Task directions |
Retype nothing except the lines below from the one with "Une salle de" through the one with "Four decorative marble", exactly, with images left out.

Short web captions
++++++++++++++++++++

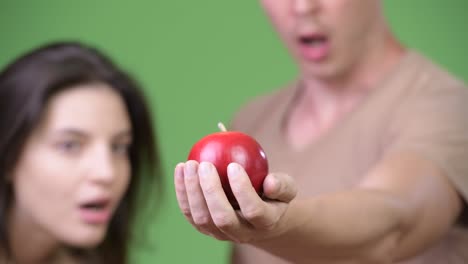 young couple looking surprised at apple together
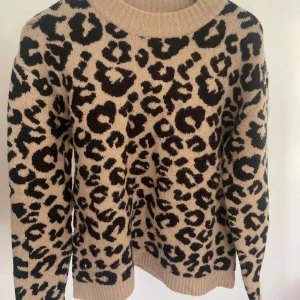 Leopard tröja från NA-KD - Säljer en beige stickad tröja från NA-KD med svart leopardmönster. Tröjan är i storlek S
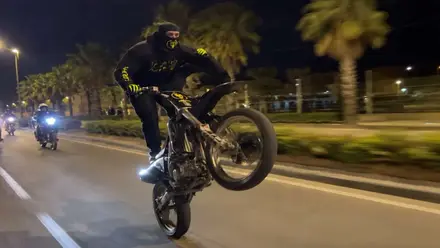 Motorista haciendo el caballito con su moto por una vía urbana.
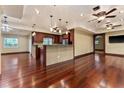 A spacious open-concept living area boasts hardwood floors, recessed lighting, and a breakfast bar at 4914 Gran Lac Ave, Belle Isle, FL 32812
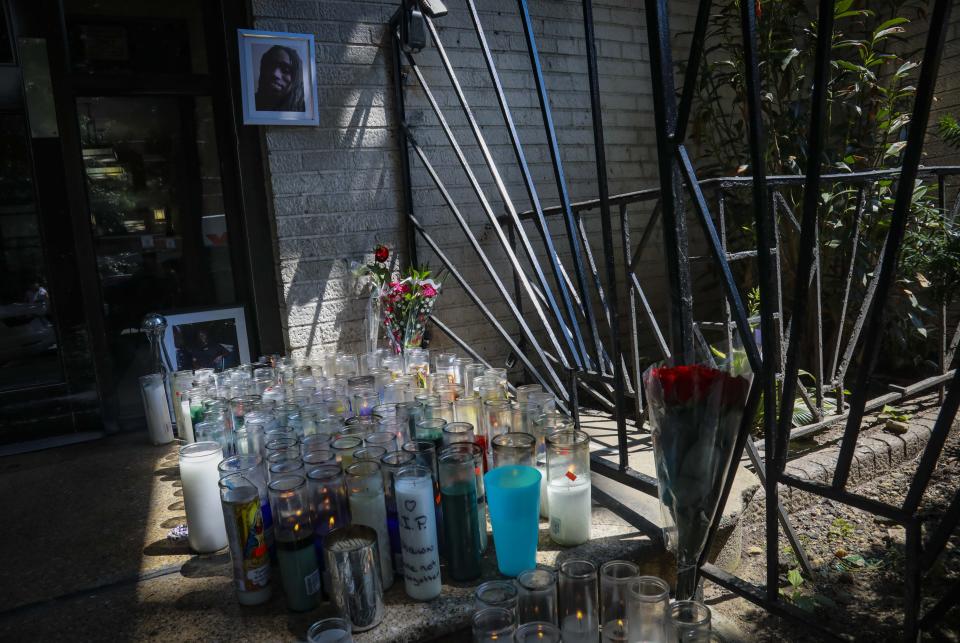 Flowers and candles form a memorial at the entrance of an apartment building for shooting victim Deshawn Reid, Monday, Aug. 17, 2020, in New York. President Donald Trump is again threatening to send federal agents to New York City if local authorities don't stop a surge of violence that has left seven people dead. Including Reid, 28, and more than 50 people shot since Friday. (AP Photo/Bebeto Matthews)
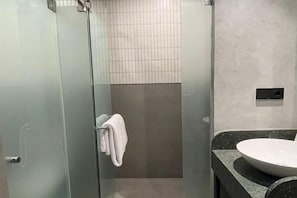 Une salle de bain moderne avec une douche à parois de verre, un lavabo blanc et un porte-serviettes.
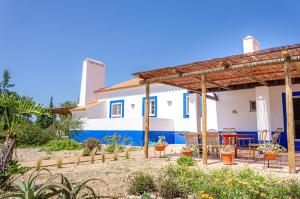 une terrasse avec des tables et des chaises en face d'une maison dans l'établissement Casa Litoral, à Melides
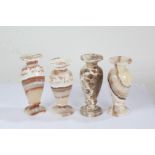 Four decorative marble vases. of baluster form, the tallest 25cm high (4)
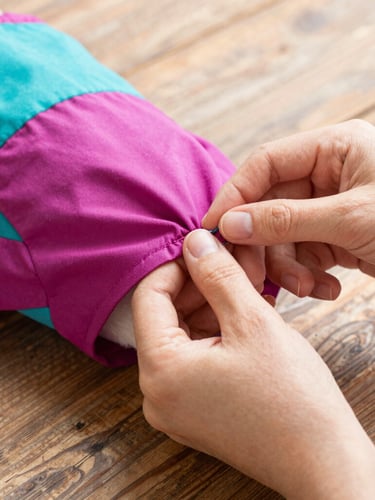 Close-up of hands carefully stitching a colorful magenta pet dress on a rustic wooden table, bright natural light, showing fabric textures.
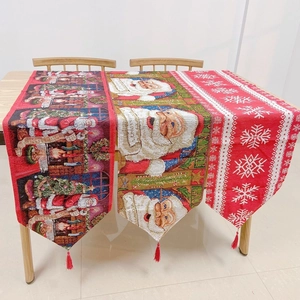 Detailed view of Christmas table runners with Santa patterns and red tassel edges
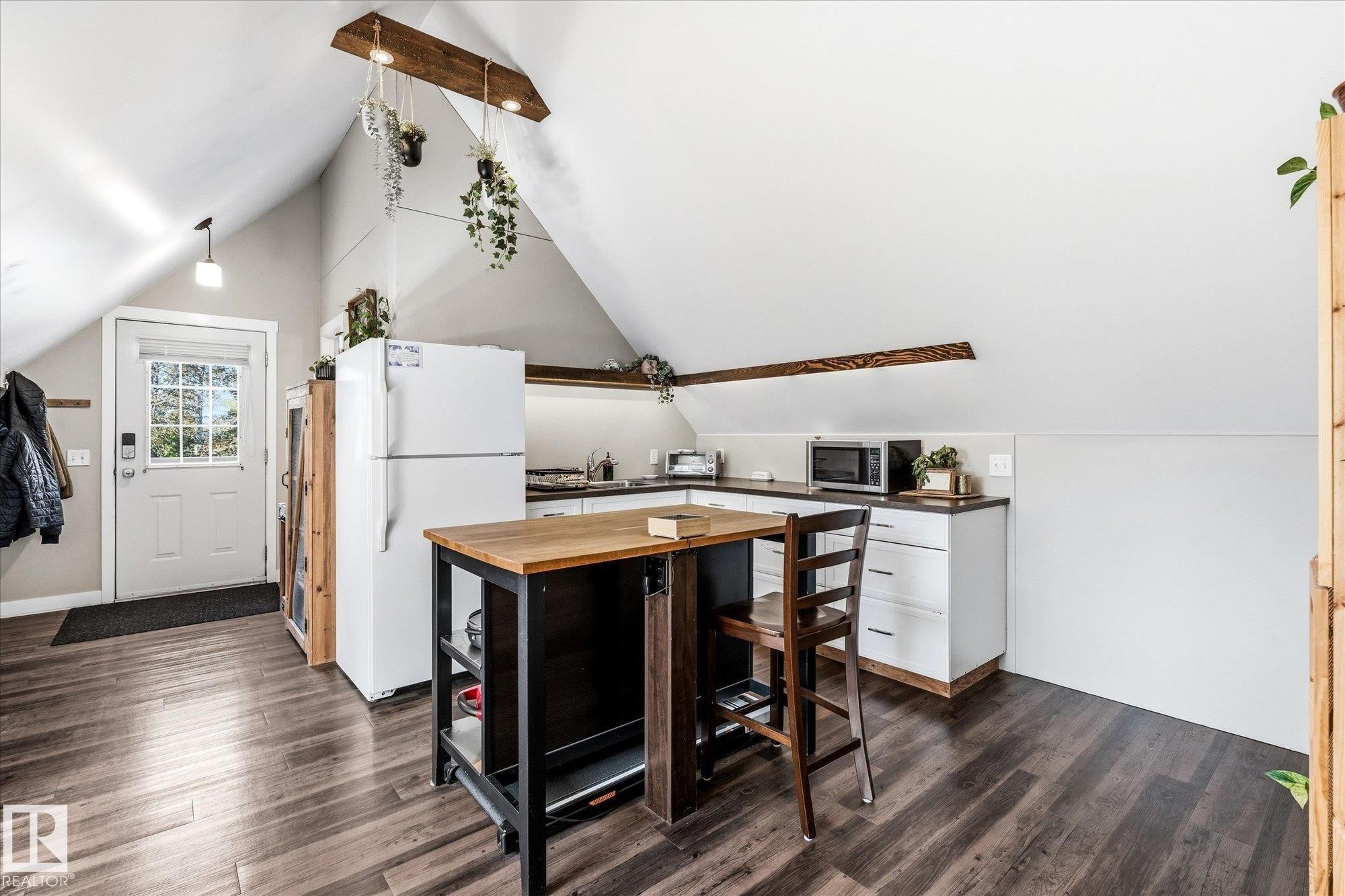 Angled ceilings with exposed wood beams, wood-finish flooring, white cabinetry, dark countertops, and a white paneled door with glass inserts - #45 53122 Rge Road 14, Rural Parkland County, AB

++++++++++++++++++++

Written response |
 Une salle de bain moderne avec une douche à parois de verre, un lavabo blanc et un porte-serviettes.
 une terrasse avec des tables et des chaises en face d'une maison dans l'établissement Casa Litoral, à Melides
 Four decorative marble vases. of baluster form, the tallest 25cm high (4)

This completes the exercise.